Canberra — China’s investment in foreign agriculture totaled $26 billion in 2016, with investments in 100 countries. But this may just be the tip of the iceberg.

A new report released by the United States Department of Agriculture on April 24 draws from Chinese language speeches, reports, and other secondary sources to understand both the scale and purpose of foreign investment in agriculture, forestry, and fisheries.

Developing countries in Africa, Southeast Asia, and Latin America were among China’s investment regions, with the investment types and goals differing for each.

“In our review of Chinese investments in agriculture in developing countries, we found that some are commercial ventures, while others are foreign aid projects,” Elizabeth Gooch, an economist for the Economic Research Service of the USDA, explained to Devex. “We also found that some ventures seem inclined to pursue both commercial gain and philanthropic motivations.”

A timeline of foreign agricultural investment

According to the report, both agricultural imports and exports began to rise dramatically from 2001, after China joined the World Trade Organization. Political support for a global agriculture policy in 2007 increased foreign agricultural investments further, as did a food security measure linked to the Belt and Road initiative in 2012.

“China’s general ‘going out’ or ‘go global’ strategy began in the 1990s, as an initiative to strengthen Chinese companies by encouraging them to move out from their home base and into global markets,” the report explained.

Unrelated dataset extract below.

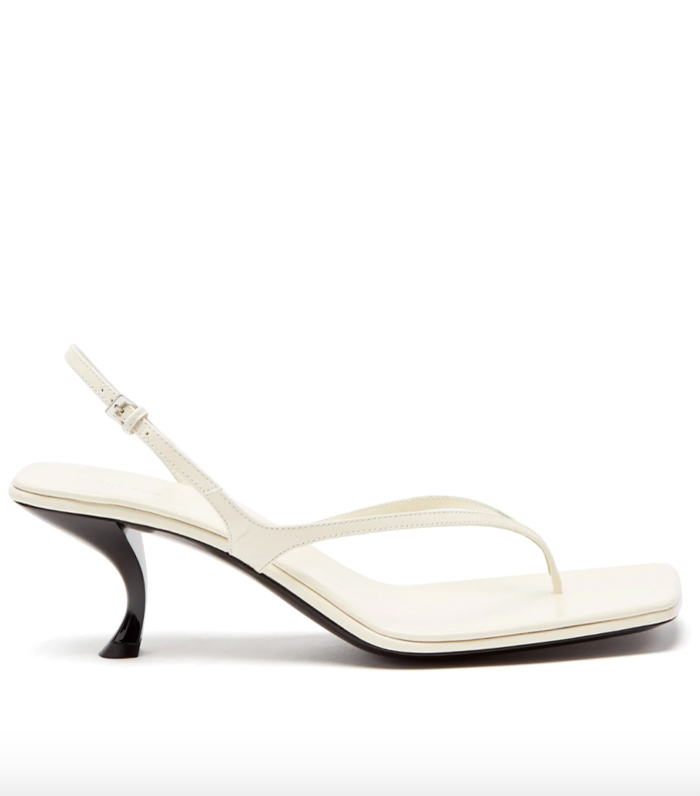 The Row Constance Mid-Heel Leather Sandals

But for agriculture, the going global strategy was more than just cementing business opportunities for Chinese companies: Foreign investment in agriculture was strongly linked to food security concerns.

A national food security strategy was outlined for China in a five-year plan from 2006 to 2010. The plan advocated for the country to “go global” using China’s large labor resources to develop foreign land, water, and energy resources.

“The plan encouraged large-scale, competitive food conglomerates to produce grains, oilseeds, and sugar crops on rented land in South and North America and Africa and then to transport these crops back to China to balance supply and demand,” the report said.

The five-year plan helped boost foreign investment in farming, forestry, and fishing, which increased five times between 2010 and 2016, reaching almost $3.3 billion, according to China’s National Bureau of Statistics.

The report suggests acquisition of foreign technology to improve agricultural productivity has become another important objective in China’s outward agricultural investment linked to food security in recent years — and is particularly evident in investments related to pork, agricultural trading, and farm input companies.

Investing in developing countries

In 2017, the Chinese Ministry of Commerce estimated agriculture, forestry, and fishing investment in Southeast Asia to be valued at $3.1 billion.

“Southeast Asia has a tropical climate suited to rubber, oil palm, and cassava,” the USDA report said. “It also has a large ethnic Chinese population — an attribute that facilitates business ties.”

Malaysia and Indonesia are key investment regions for palm oil. Cambodia has also been an important location since the 1990s, when the government began leasing out large tracts of land — or economic land concessions — to foreign investors for agricultural operations. The amount of farmland available for economic land concessions now nears 1 million hectares in total, and Chinese businesses are leasing 24 percent of this total. Key investments are rubber and lumber.

Yet foreign aid has also been important to investment across Southeast Asia. In Cambodia, research into the mechanization of cassava cultivation has been a part of China’s foreign aid spending, while in Laos, aid was used to support investment in rice, corn, sugarcane, rubber, tobacco, and tropical fruit.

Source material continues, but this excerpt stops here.